The differences are that
- the dialog box may open anywhere in the parent window
- depending on where the parent window is located, the dialog box may open virtually anywhere on screen
- the dialog box may be moved (in almost all cases), in some cases may be resizable, but usually cannot be minimized, and
- no changes to the parent window are possible (cannot be resized, moved or minimized) while the dialog box is open.

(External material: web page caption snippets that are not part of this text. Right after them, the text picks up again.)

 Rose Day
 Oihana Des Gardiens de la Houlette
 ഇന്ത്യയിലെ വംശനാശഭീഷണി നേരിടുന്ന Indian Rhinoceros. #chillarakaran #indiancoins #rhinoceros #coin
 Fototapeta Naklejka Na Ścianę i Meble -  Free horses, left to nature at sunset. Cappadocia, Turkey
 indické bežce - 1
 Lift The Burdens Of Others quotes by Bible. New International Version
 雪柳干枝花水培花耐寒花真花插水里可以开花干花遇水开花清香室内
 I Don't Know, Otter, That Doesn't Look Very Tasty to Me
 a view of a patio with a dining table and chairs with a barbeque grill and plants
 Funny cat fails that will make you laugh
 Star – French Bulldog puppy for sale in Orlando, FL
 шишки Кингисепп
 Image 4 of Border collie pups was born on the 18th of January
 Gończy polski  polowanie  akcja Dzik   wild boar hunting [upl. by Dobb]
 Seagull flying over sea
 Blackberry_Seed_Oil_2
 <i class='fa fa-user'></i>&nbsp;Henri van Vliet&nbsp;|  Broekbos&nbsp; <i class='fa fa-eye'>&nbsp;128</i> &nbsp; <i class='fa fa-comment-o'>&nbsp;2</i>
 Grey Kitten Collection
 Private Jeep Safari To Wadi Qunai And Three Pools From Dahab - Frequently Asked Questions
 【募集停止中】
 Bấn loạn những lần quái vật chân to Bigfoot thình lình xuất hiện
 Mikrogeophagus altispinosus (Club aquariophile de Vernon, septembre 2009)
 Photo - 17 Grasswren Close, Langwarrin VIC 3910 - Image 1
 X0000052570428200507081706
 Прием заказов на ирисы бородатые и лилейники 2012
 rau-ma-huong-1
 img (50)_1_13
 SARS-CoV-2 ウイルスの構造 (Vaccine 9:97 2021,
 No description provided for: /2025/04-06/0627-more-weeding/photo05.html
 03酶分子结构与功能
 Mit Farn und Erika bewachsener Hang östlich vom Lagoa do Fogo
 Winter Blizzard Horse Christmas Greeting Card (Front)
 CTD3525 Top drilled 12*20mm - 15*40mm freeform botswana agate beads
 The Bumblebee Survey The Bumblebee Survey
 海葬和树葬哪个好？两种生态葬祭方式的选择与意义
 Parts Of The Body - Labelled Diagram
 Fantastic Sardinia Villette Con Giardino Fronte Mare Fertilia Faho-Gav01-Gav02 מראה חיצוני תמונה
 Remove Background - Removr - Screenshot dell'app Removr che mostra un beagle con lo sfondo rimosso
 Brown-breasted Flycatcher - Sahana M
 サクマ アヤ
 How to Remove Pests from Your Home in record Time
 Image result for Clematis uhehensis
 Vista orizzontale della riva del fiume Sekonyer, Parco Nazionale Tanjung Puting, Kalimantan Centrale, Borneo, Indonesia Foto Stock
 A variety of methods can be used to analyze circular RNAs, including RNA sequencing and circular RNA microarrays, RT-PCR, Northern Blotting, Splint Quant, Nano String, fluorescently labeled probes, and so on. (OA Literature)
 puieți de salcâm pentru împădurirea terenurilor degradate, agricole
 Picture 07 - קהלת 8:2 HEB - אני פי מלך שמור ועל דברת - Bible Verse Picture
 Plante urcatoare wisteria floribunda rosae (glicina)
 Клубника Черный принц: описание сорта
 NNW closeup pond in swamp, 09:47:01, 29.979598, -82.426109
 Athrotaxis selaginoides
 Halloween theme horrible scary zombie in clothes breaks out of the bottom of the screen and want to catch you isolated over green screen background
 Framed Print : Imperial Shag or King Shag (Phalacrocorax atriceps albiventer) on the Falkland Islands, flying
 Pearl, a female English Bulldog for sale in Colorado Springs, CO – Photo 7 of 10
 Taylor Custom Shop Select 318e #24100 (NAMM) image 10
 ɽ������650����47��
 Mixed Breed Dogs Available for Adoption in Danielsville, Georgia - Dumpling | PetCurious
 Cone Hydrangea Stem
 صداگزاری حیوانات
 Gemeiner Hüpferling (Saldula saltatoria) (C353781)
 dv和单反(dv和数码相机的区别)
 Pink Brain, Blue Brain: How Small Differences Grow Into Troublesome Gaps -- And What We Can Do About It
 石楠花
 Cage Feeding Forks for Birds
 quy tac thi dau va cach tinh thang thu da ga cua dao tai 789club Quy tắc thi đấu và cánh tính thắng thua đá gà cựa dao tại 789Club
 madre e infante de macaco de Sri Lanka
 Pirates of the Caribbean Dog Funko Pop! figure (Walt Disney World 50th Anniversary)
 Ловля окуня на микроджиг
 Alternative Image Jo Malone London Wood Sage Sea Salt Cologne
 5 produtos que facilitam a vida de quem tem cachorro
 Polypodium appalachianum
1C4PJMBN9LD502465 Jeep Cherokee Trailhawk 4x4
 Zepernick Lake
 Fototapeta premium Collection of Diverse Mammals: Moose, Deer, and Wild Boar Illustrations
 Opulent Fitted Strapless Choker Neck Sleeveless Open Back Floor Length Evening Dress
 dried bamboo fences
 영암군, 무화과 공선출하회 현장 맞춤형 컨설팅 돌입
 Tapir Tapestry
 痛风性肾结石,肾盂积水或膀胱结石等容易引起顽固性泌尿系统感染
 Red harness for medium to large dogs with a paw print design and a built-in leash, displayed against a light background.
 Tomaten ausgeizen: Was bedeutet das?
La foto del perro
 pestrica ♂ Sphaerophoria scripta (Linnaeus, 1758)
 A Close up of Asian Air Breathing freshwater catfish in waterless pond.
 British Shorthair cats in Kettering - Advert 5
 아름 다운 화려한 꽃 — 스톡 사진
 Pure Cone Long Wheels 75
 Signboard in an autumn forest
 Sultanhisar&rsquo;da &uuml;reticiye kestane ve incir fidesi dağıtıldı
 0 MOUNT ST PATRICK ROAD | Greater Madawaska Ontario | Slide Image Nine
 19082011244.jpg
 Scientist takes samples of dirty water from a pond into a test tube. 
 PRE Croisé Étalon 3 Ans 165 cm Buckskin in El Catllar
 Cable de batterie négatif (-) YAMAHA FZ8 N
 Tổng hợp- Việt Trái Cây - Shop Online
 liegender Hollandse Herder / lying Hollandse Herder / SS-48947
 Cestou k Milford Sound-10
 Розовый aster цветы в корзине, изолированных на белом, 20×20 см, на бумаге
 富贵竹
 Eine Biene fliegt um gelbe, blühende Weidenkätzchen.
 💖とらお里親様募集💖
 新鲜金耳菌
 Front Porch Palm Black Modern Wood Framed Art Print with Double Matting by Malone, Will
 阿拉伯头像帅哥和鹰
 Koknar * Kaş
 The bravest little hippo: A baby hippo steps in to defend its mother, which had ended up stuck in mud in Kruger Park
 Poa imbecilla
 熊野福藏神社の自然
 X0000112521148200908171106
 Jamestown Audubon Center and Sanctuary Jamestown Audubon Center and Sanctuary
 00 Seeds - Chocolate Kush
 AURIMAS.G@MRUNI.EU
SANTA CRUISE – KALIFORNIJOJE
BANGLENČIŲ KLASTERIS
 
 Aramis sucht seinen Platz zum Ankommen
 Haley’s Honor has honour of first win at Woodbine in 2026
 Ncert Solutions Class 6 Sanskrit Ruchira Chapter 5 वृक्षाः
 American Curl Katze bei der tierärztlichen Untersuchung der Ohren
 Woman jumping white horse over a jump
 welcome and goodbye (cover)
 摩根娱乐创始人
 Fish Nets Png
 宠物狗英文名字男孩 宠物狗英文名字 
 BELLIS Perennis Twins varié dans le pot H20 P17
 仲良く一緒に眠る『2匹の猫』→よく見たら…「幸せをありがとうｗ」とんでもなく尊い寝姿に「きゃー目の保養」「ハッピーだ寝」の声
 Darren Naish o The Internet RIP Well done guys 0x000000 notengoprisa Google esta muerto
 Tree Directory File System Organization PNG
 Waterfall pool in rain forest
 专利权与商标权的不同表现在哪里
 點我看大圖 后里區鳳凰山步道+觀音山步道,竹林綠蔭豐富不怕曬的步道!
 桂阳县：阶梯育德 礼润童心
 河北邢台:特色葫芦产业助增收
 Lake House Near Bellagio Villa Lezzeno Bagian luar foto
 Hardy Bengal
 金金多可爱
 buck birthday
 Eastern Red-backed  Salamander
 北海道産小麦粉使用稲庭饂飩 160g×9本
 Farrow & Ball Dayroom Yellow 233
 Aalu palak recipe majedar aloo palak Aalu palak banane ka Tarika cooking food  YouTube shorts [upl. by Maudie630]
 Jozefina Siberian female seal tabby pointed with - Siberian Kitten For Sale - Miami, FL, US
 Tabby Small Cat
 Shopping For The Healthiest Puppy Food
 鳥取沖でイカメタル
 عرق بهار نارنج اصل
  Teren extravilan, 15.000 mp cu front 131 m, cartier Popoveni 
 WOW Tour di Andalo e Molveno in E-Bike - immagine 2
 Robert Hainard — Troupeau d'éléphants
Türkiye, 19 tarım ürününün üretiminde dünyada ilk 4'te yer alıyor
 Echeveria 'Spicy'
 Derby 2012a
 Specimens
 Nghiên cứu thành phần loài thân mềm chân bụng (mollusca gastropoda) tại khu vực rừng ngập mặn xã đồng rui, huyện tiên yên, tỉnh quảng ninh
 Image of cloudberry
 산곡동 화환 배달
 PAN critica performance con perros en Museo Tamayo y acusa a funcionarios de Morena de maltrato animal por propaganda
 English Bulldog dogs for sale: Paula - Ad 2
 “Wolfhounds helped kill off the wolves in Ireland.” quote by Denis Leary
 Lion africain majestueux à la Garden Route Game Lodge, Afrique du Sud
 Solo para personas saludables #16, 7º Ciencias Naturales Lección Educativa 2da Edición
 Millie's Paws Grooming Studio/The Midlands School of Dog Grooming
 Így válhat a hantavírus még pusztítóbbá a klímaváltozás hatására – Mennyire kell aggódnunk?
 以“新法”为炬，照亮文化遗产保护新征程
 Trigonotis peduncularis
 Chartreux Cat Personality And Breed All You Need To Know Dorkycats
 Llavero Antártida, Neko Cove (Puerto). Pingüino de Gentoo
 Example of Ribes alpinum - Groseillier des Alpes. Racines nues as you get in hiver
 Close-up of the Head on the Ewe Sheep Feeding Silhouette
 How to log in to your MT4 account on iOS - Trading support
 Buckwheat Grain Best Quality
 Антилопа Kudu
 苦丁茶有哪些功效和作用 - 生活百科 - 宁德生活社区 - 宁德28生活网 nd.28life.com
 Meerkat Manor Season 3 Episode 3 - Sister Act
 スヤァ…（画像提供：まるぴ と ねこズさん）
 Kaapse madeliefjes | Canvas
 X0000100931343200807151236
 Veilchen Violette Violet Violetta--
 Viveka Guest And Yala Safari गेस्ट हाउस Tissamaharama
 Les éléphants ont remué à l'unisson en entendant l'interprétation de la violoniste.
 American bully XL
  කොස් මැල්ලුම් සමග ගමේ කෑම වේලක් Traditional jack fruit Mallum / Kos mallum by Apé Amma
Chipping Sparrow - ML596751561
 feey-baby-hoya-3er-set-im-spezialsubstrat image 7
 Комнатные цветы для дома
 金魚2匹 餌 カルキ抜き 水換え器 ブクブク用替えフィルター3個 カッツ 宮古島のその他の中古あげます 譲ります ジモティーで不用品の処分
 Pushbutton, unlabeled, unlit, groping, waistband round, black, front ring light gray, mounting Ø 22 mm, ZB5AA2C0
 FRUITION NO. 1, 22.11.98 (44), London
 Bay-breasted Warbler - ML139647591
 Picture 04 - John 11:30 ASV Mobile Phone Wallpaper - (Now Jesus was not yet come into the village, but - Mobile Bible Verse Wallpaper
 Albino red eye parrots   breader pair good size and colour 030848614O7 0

Both mechanisms have shortcomings:
- The Windows dialog box locks the parent window which can hide other windows the user may need to refer to while interacting with the dialog, though this may be mitigated since other windows are available through the task bar.
- The macOS dialog box blocks the parent window, preventing the user from referring to it while interacting with the dialog. This may require the user to close the dialog to access the necessary information, then re-open the dialog box to continue.